Adding to larger curbs from this month onwards by several OPEC peers, the move by OPEC's most influential member could put a firmer floor beneath the price of Middle East crude and helped send global oil back above $42 a barrel on Friday.
Lower term supplies have forced Asian refiners back to the Middle East spot market, pushing up price differentials of most spot crudes last month, and more rises are expected this month at the expense of grades that are linked to Brent.
Sources with seven Asian buyers confirmed that state oil company Saudi Aramco had notified them of deeper cuts for February, ranging from 7-8 percent to 15 percent, against cuts of 5-10 percent for January.
"The cut was deeper than last month... about 14, 15 percent," a source at a major customer in Japan told Reuters on condition of anonymity as the information is not public.
By 0421 GMT, oil stood at $42.79 a barrel, up 79 cents, after having lost around 15 percent over the past three sessions on signs of worsening demand from the United States.
The volumes curbed differ from one refiner to the next as Saudi Arabia likely cut exports of its heaviest and lowest quality grades the most.
"Customers got different cuts because the ratio of grades - Arab Extra Light, Arab light, Arab Medium and Arab Heavy - is different company by company," said a trader.
"Cuts should be deeper than average for customers that lift mainly Arab Medium and Arab Heavy."
With cuts to some refiners as deep as 15 percent, curbs to Asia for February are likely to exceed 10 percent overall, making it their largest since April 2004, when Saudi Arabia cut supplies by between 10 and 15 percent.

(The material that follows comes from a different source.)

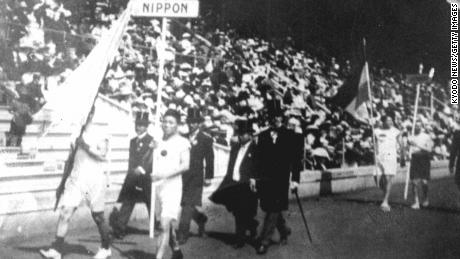 The Japanese athletic delegation marches during the opening ceremony of the 1912 Olympic Games in Stockholm, Sweden, which marked Japan&#39;s first Olympic appearance. The sign holder was marathon runner Shiso Kanaguri (R front) and the flag bearer was sprinter Yahiko Mishima (L front). (Photo by Kyodo News Stills via Getty Images)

An overall cut of 15 percent would be equivalent to around 525,000 barrels per day (bpd) less of Saudi crude heading to Asia, with an average cut of 11 percent worth about 385,000 bpd.
Customers around the region had expected Saudi Arabia to cut supplies more to stay in line with OPEC's aim to reduce output and boost oil prices that have fallen more than $100 from a record-high above $147 a barrel last July.
Refiners measure supply cuts versus the volume stipulated in annual contracts.
OPEC agreed last month to cut output by a record of 2.2 million bpd, taking total curbs since September to 4.2 million bpd, equivalent to 5 percent of global oil supply.
Saudi Aramco had pre-empted the reduction by deepening its supply cuts to Asia for January from 5 percent in December.
Saudi Arabia's sharper cuts add to similar moves earlier this month by other OPEC producers to curb supplies.
OPEC's second-largest producer Iran and Kuwait both said this week they would deepen supply reductions for January, with Iran announcing its first cuts in more than three years.
The United Arab Emirates announced reductions last month of 10-15 percent for February supplies. Qatar have also signaled cuts.
The OPEC curbs have also led to a sharp reversal of the price spread between Brent and Dubai crude, raising demand for the usually cheaper Middle East grades to the point of making them costlier than higher quality Brent-related crudes.
The Brent/Dubai Exchange of Futures for Swaps (EFS), used as a proxy for the relation between the two bellwether crudes, traded at discounts for the first time on record this week, falling to around a $1.05 a barrel discount on Friday on the Saudi news, down from a 50-cent discount on Thursday.
But Asian refiners said the lower term supplies were still enough for them to run their plants amid low oil demand.
"The program is still OK. We had prepared for the cuts in advance," a trader with a refiner said.
Other OPEC members Angola, Libya, Venezuela and Algeria have also signaled cuts.